I see it in fellow Americans who stew about the mess this country’s in but are afraid to speak out publicly for fear of being called unpatriotic.

My husband (Ed) and I bought the house we live in from his parents more than a decade ago. A couple of decades before that, they'd installed a 30-foot flagpole in the front yard, and they often flew the American flag from it.

When Ed and I took ownership of the house and his parents moved into the apartment we built into the downstairs, we continued their tradition of flying the flag, but we added a world peace flag (with the word peace in many languages on it).

When Bush stole into office the first time, we flew the American flag upside down for a week as a symbol of national distress. And then we took it down because we were ashamed of what we could see that Bush, who hides behind the flag, was beginning to do to our country and to international relations. Just after 9/11, when there was a nationwide frenzy of flying American flags, we flew only the world peace flag because we were very afraid of what Bush would do in the name of 9/11 and we didn't like the way many Americans were using the national flag to show a sort of national machismo. Our American flag won't go up again until Bush leaves office.

About 2 months ago, we ordered a custom flag—yellow with black lettering, 3 feet by 5 feet, and not cheap—that reads: Impeach Bush and Cheney Now!

Some think I should be afraid to fly such a flag. But I’m desperate for America to change course, so I’m not scared. And the older I get, the less I care what others think of my political stance. (Of course, it helps that I live in a middle-class suburb instead of in a nation under siege by foreign soldiers [think Iraq] or by rebel nationals who kill people for taking political stances.)

But most of all, I fly that flag because I want an adult–adult relationship with my government. If it treads on my boundaries, I speak up. I wish you would too.



3 comments:

Dick Margulis said...

You go girl!

Ever since WW II, we've been on a steady swing toward individualism, narcissism, and perpetual adolescence. We've turned into a nation of golden retrievers begging our masters for permission. It's time for the pendulum to start swinging back toward the communitarian ideal of an educated, adult citizenry governing itself for the benefit of all.

TFLS said...

Courage comes in many colors and many forms. Yours, it seems will be on display in yellow and black. Remember to post a picture of it flying. You might get some flack for it - so please remember to be careful. Bush's intolerance of any opposition had given voice to people who previously would have been ashamed to have their prejudices on view for all the world to see. They not only get away with that - they get away with violence as well - so tread lightly, my dear; at least until you see what the reaction is. I wouldn’t want you or any member of your family hurt.

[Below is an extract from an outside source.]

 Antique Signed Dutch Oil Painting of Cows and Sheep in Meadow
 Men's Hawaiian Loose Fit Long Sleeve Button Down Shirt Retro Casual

Katharine O'Moore-Klopf said...

Well, FLS, no reaction at all from the neighbors in the last couple of months. And hey ... we've been the neighborhood rebels for a good many years now.

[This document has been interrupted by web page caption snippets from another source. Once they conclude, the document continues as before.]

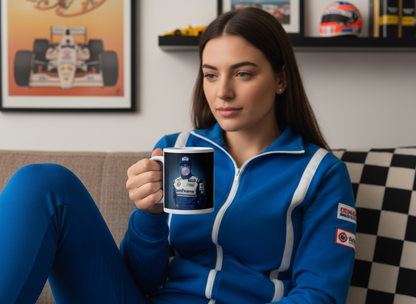Female fan in vintage or blue homewear, enjoying a hot drink from the Damon Roadman Mug while relaxing on the sofa with classic race décor in the background.
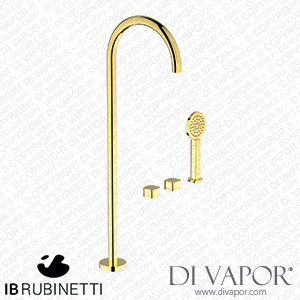IB Rubinetti EO700OO_1 Elio Three Hole Deck Mounted Bath Filler with Hydroprogressive Cartridge Diverter Shower Kit and Free Standing Spout Plain Handle Spare Parts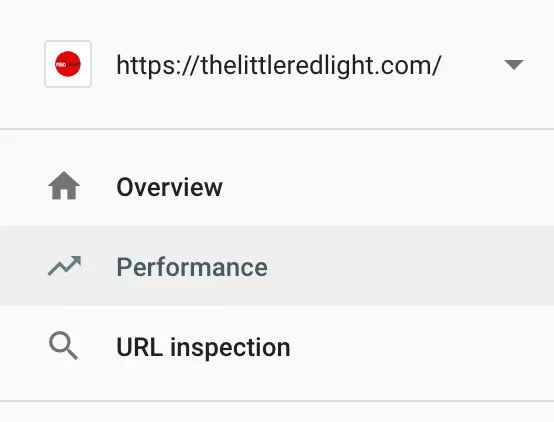 performance section in Google Search Console
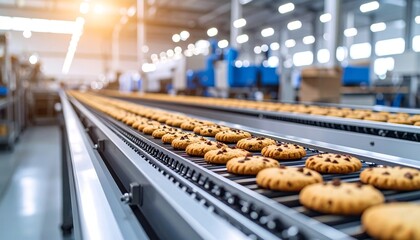 Fototapeta premium Automated Production Line of Chocolate Chip Cookies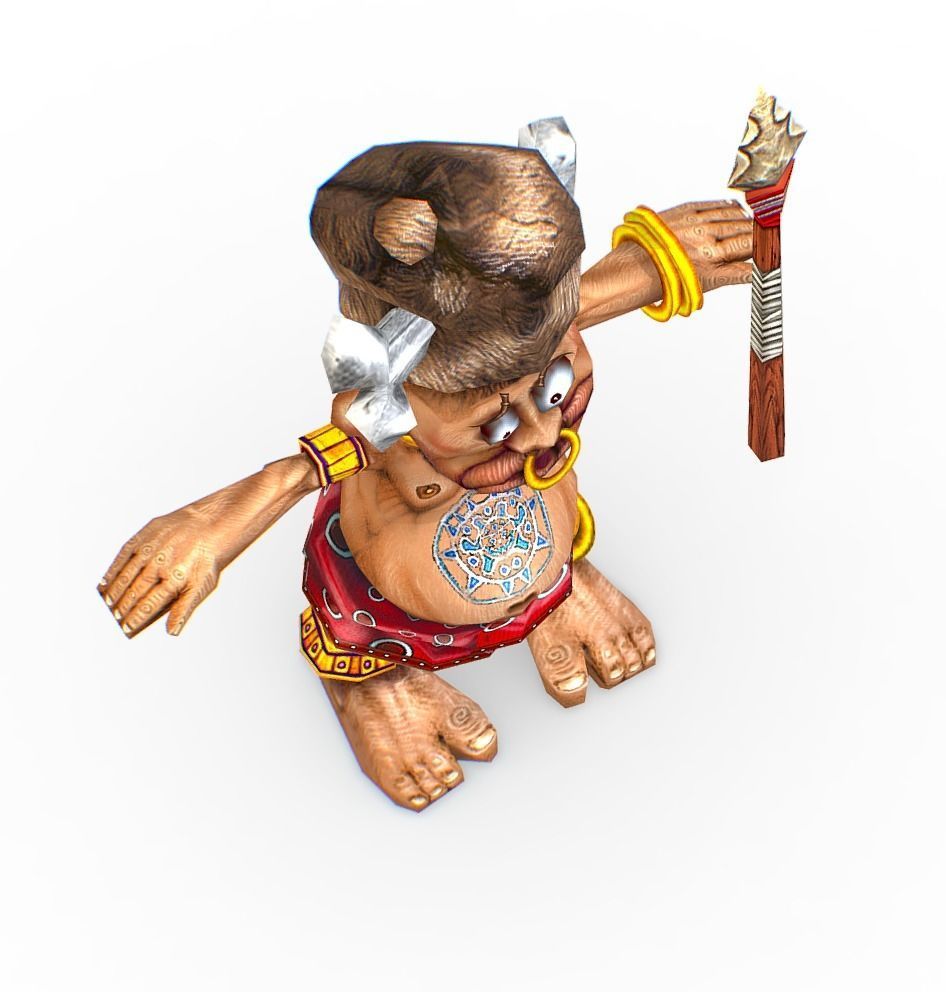 Low Poly Cartoon Creature Native Low-poly 3D model_4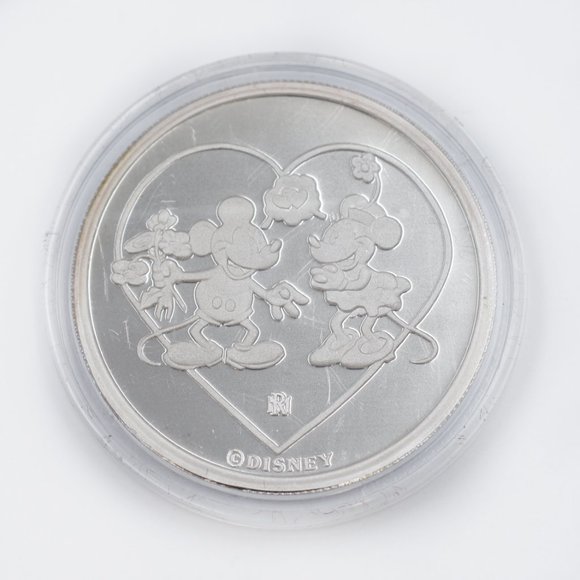 Disney Yours Forever 1991 10z Silver Mickey and Minnie Mouse Coin - Picture 2 of 2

We fly a rainbow-striped banner from one of the front windowsills that reads: We the people say NO to the Bush agenda! Mail carriers, overnight couriers, and pizza delivery people alike compliment us on it and say they agree with it.

The only time anyone's shown anger about our display of politics was about two years ago near Christmas. Every year, the local firefighters deck out a few fire trucks, and one firefighter dresses as Santa. The trucks slowly drive through the neighborhood, sirens blaring, while Santa and some elf firefighters toss candies to any kids who go outdoors to see them. On the Santa miniparade two years ago, all the firefighters were smiling until one of them caught sight of our rainbow banner. Then a bunch of them began gesturing angrily toward our house.

We hope that they'd show up speedily should our house ever catch fire. We also hope we never have to find out.